Data shown
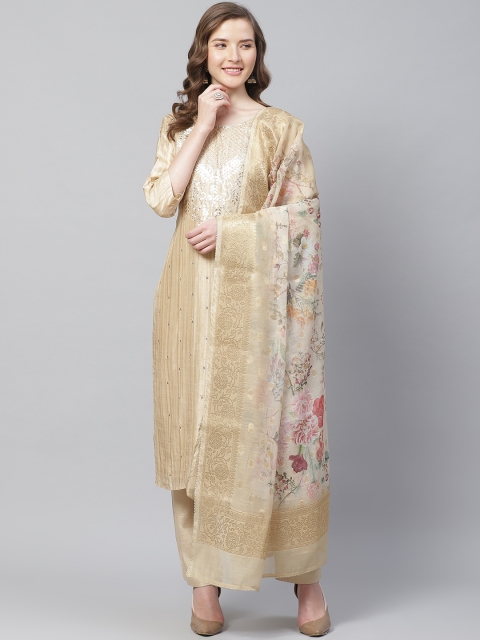 

Readiprint Fashions Beige & Golden Embroidered Unstitched Dress Material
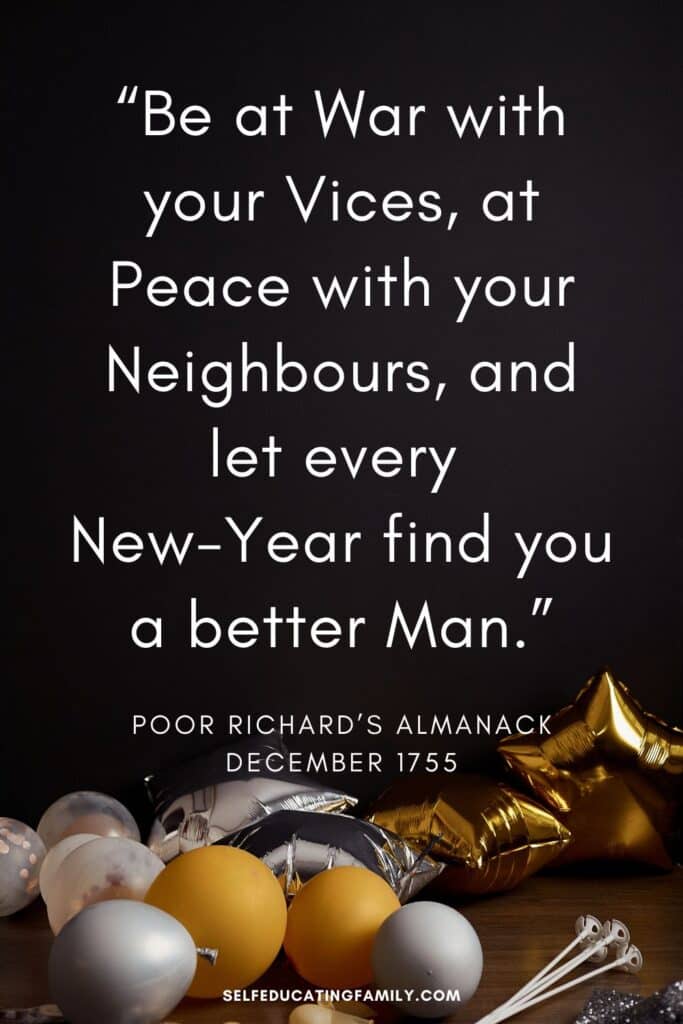 festive balloons with dark background and text from Poor Richard's almanack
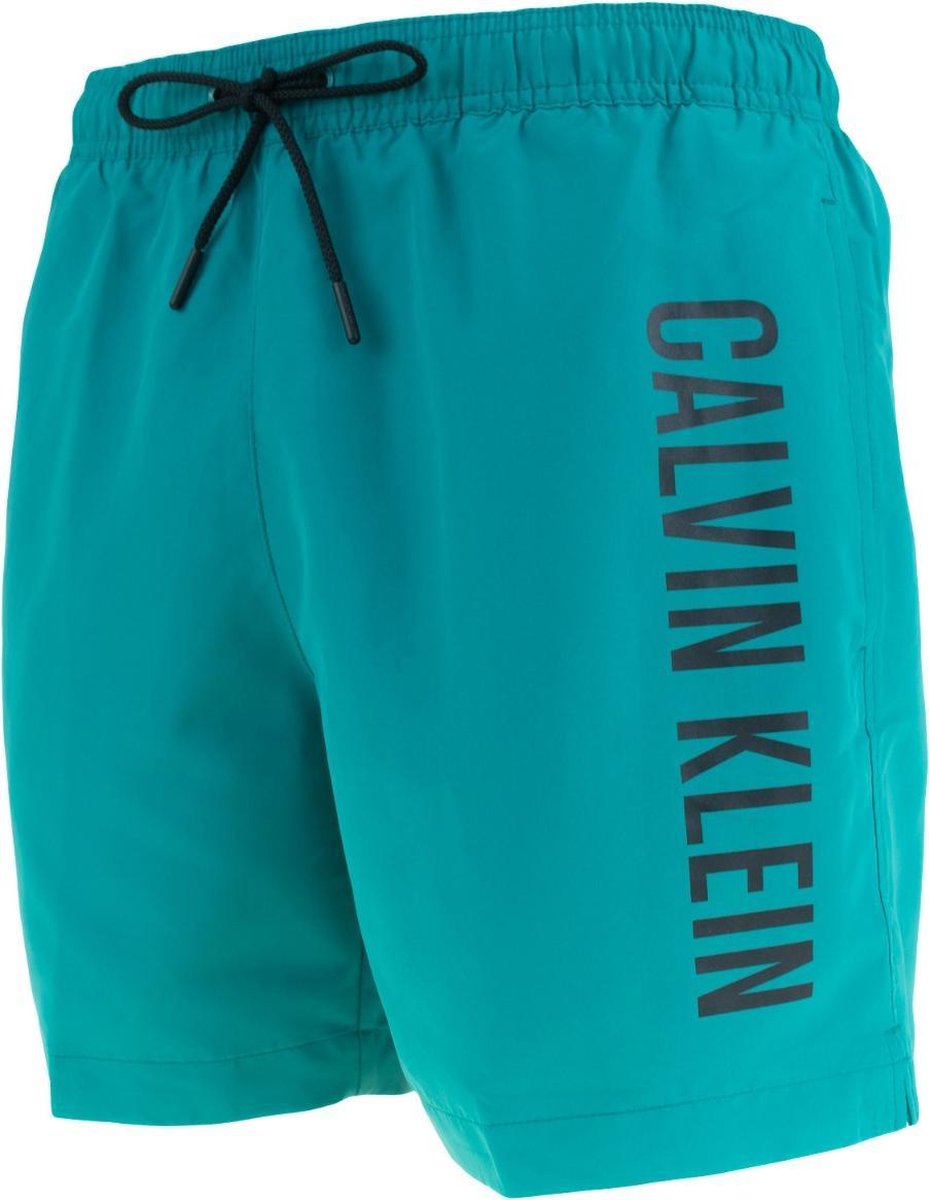 Calvin Klein intense power tape logo zwemshort teal blauw - M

What you will do
All of the material above is to be copied exactly, with no pictures.

Expected answer
Readiprint Fashions Beige & Golden Embroidered Unstitched Dress Material
 festive balloons with dark background and text from Poor Richard's almanack
 Calvin Klein intense power tape logo zwemshort teal blauw - M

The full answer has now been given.